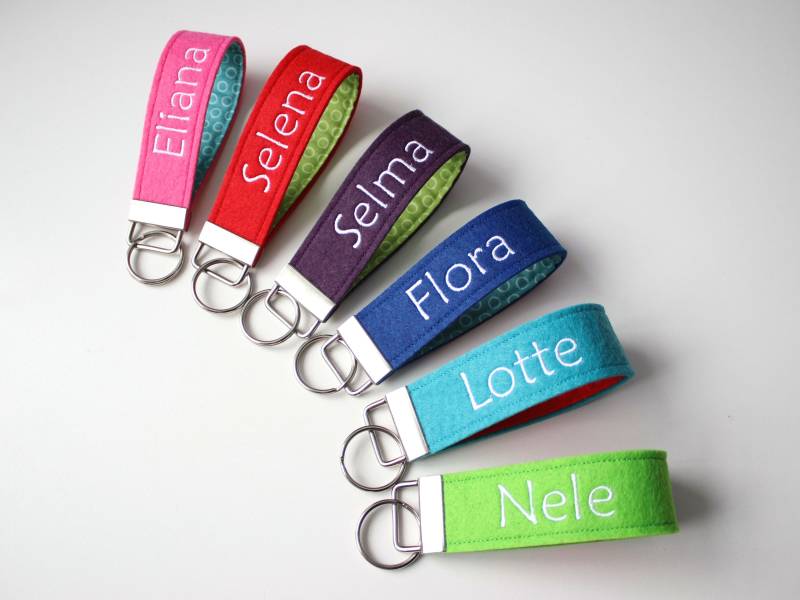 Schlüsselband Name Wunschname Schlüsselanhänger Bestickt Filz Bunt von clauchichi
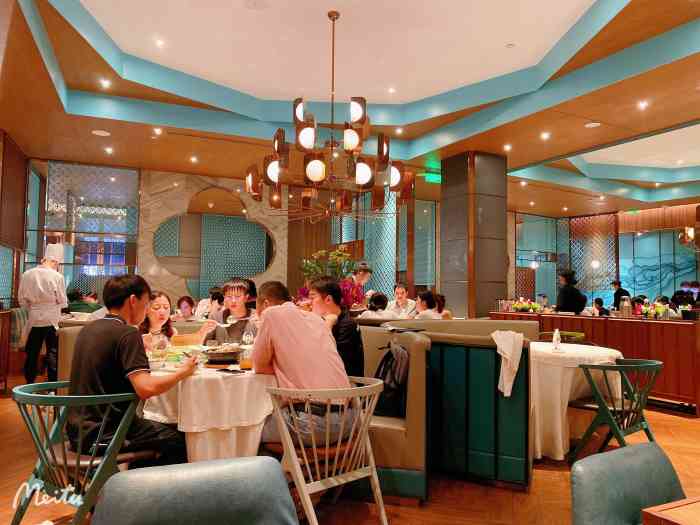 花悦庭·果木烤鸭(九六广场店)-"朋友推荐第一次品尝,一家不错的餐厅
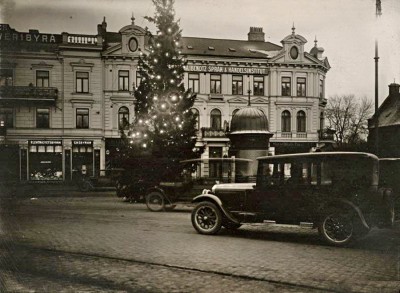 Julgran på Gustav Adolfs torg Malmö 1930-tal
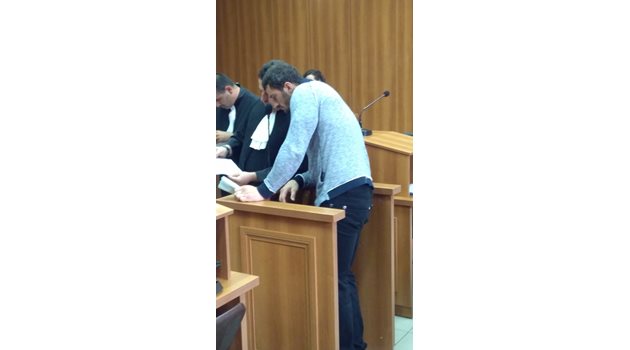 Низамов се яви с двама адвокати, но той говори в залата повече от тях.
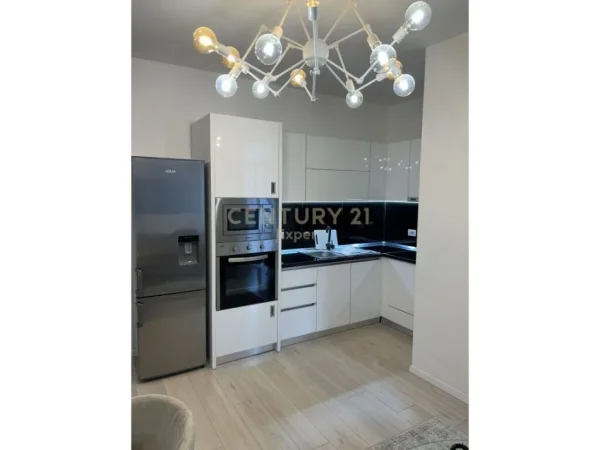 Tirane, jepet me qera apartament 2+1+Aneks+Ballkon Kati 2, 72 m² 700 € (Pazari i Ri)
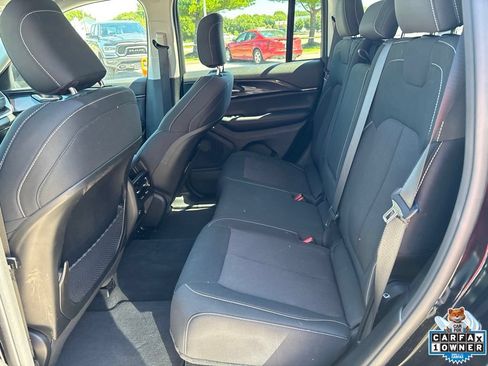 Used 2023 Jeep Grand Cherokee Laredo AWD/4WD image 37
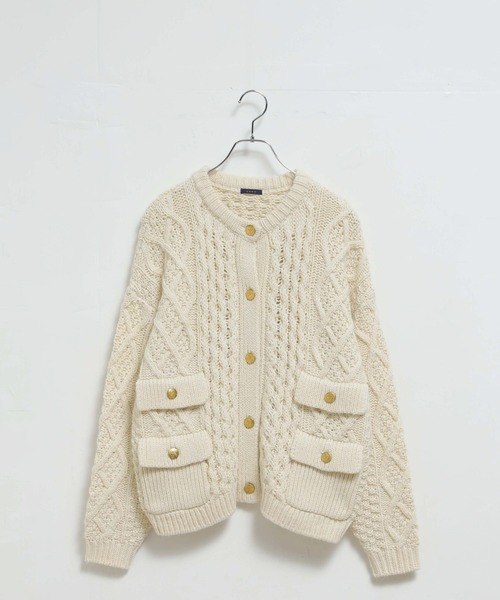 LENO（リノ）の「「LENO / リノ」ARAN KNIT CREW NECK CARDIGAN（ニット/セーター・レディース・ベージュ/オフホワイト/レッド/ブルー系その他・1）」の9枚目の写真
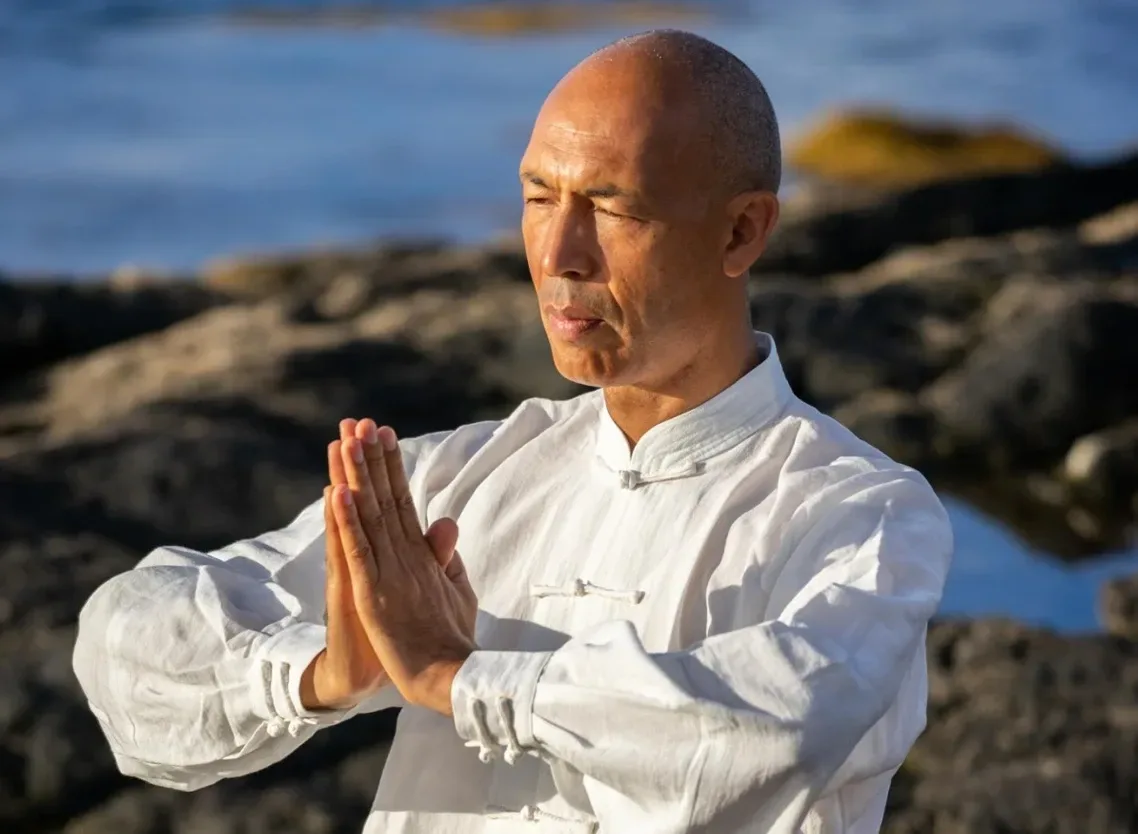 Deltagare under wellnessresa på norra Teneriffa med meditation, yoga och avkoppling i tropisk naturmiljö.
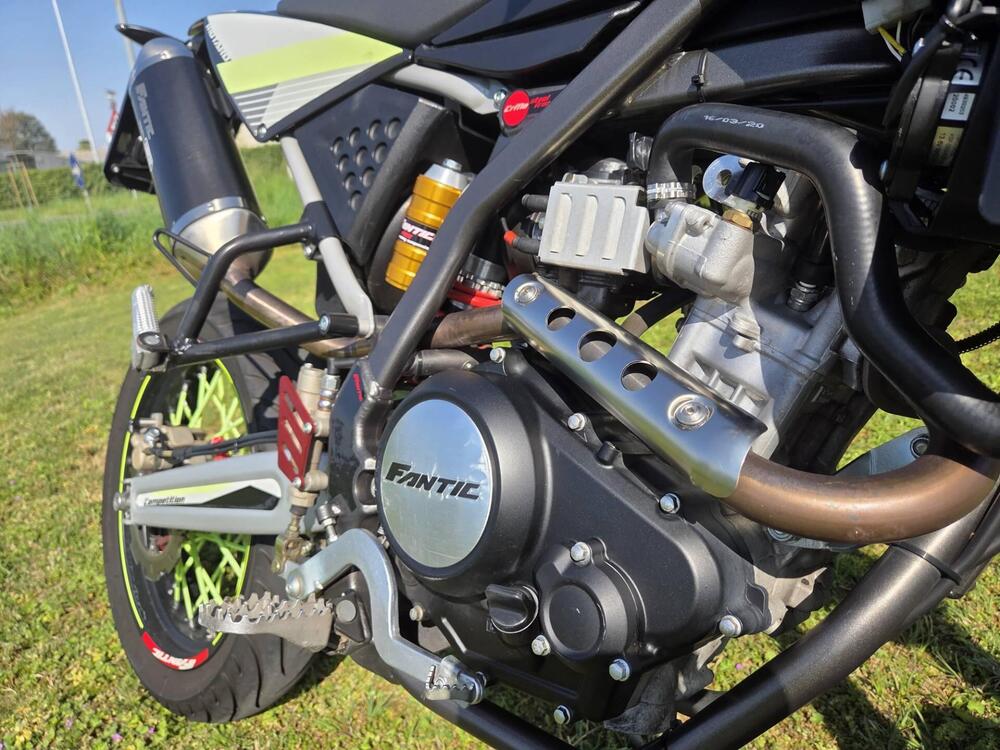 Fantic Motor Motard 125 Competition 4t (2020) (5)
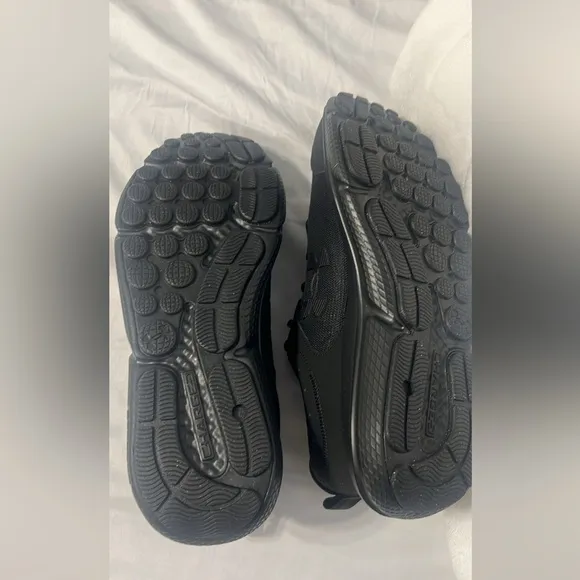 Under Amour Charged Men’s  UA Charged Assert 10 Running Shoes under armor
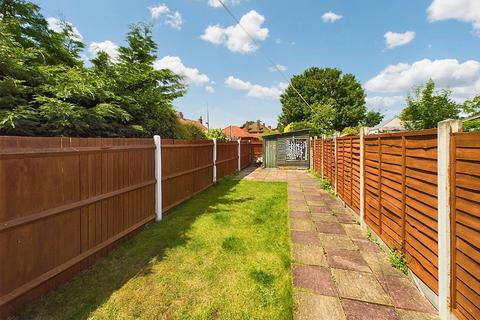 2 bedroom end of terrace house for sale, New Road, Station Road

Your objective: Images are to be left out; everything else in the material must be written out exactly.

Response area:
 Schlüsselband Name Wunschname Schlüsselanhänger Bestickt Filz Bunt von clauchichi
 花悦庭·果木烤鸭(九六广场店)-"朋友推荐第一次品尝,一家不错的餐厅
 Julgran på Gustav Adolfs torg Malmö 1930-tal
 Низамов се яви с двама адвокати, но той говори в залата повече от тях.
 Tirane, jepet me qera apartament 2+1+Aneks+Ballkon Kati 2, 72 m² 700 € (Pazari i Ri)
 Used 2023 Jeep Grand Cherokee Laredo AWD/4WD image 37
 LENO（リノ）の「「LENO / リノ」ARAN KNIT CREW NECK CARDIGAN（ニット/セーター・レディース・ベージュ/オフホワイト/レッド/ブルー系その他・1）」の9枚目の写真
 Deltagare under wellnessresa på norra Teneriffa med meditation, yoga och avkoppling i tropisk naturmiljö.
 Fantic Motor Motard 125 Competition 4t (2020) (5)
 Under Amour Charged Men’s  UA Charged Assert 10 Running Shoes under armor
 2 bedroom end of terrace house for sale, New Road, Station Road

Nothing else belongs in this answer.